_Assignment_.
Leave out the pictures and copy everything else in the entries exactly.

_Materials provided_.
• • • •

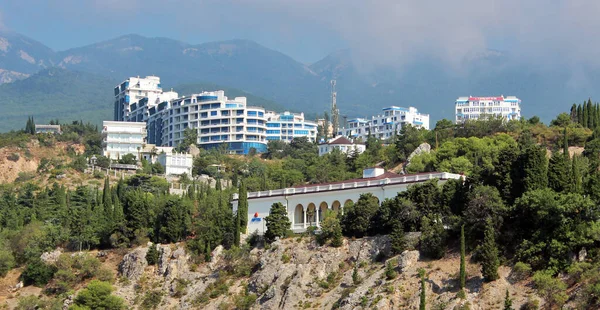 Otellerin Panorama Manzarası Dağların Arkasındaki Artek Uluslararası Çocuk Merkezi Gurzuf Stok Fotoğraf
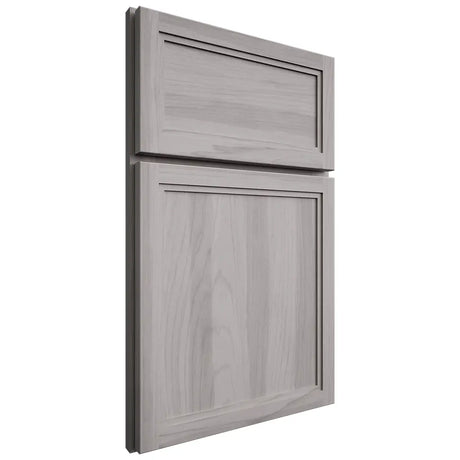 Shiloh Cabinetry Full Overlay Concord Hickory Plain Cut Stratus Door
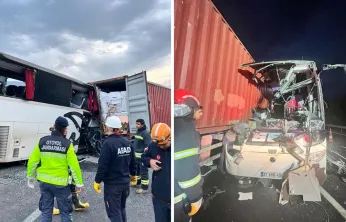 Osmaniye'de yolcu otobüsü tıra çarptı: 6 ölü, 11 yaralı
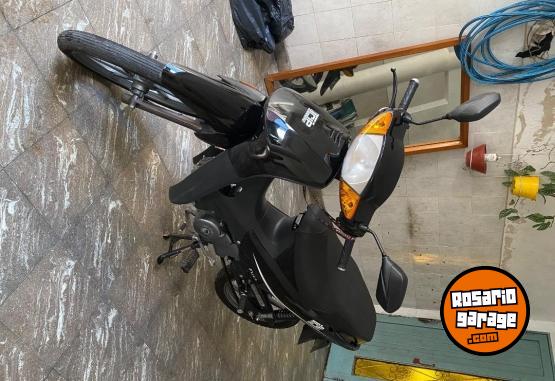 Motos - Guerrero 110 2023 Nafta 10000Km - En Venta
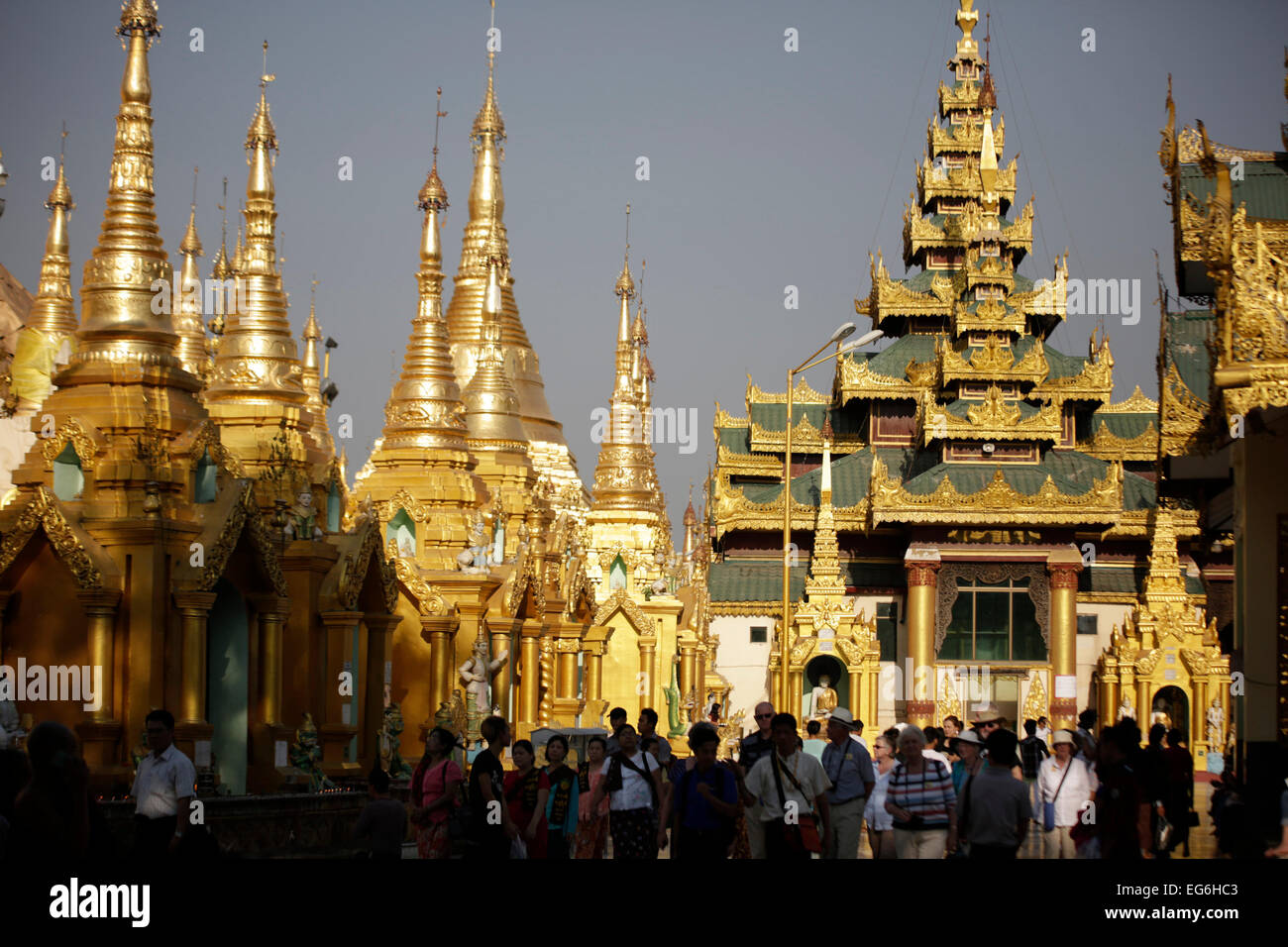 Yangon, Myanmar. Xvii Feb, 2015. La gente visita la Shwedagon pagoda in Yangon, Myanmar, Feb 17, 2015. Shwedagon pagoda è un repository dei migliori del Myanmar patrimoni dell -- architettura, scultura e arti. Esso è costituito da centinaia di variopinti Templi, stupa e statue che riflettono gli stili architettonici che coprono quasi 2.500 anni. © U Aung/Xinhua/Alamy Live News Foto Stock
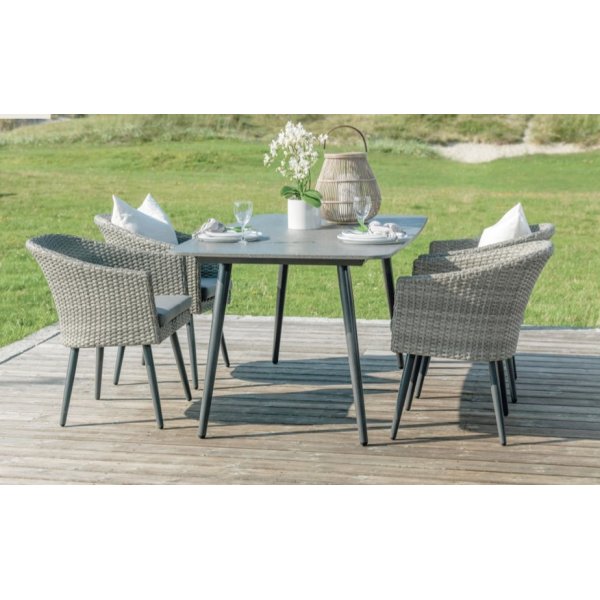 Utestol Sander i ljust grå konstrotting Utestol Sander i ljust grå konstrotting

• • • •

_Final answer_.
 Otellerin Panorama Manzarası Dağların Arkasındaki Artek Uluslararası Çocuk Merkezi Gurzuf Stok Fotoğraf
 Shiloh Cabinetry Full Overlay Concord Hickory Plain Cut Stratus Door
 Osmaniye'de yolcu otobüsü tıra çarptı: 6 ölü, 11 yaralı
 Motos - Guerrero 110 2023 Nafta 10000Km - En Venta
 Yangon, Myanmar. Xvii Feb, 2015. La gente visita la Shwedagon pagoda in Yangon, Myanmar, Feb 17, 2015. Shwedagon pagoda è un repository dei migliori del Myanmar patrimoni dell -- architettura, scultura e arti. Esso è costituito da centinaia di variopinti Templi, stupa e statue che riflettono gli stili architettonici che coprono quasi 2.500 anni. © U Aung/Xinhua/Alamy Live News Foto Stock
 Utestol Sander i ljust grå konstrotting Utestol Sander i ljust grå konstrotting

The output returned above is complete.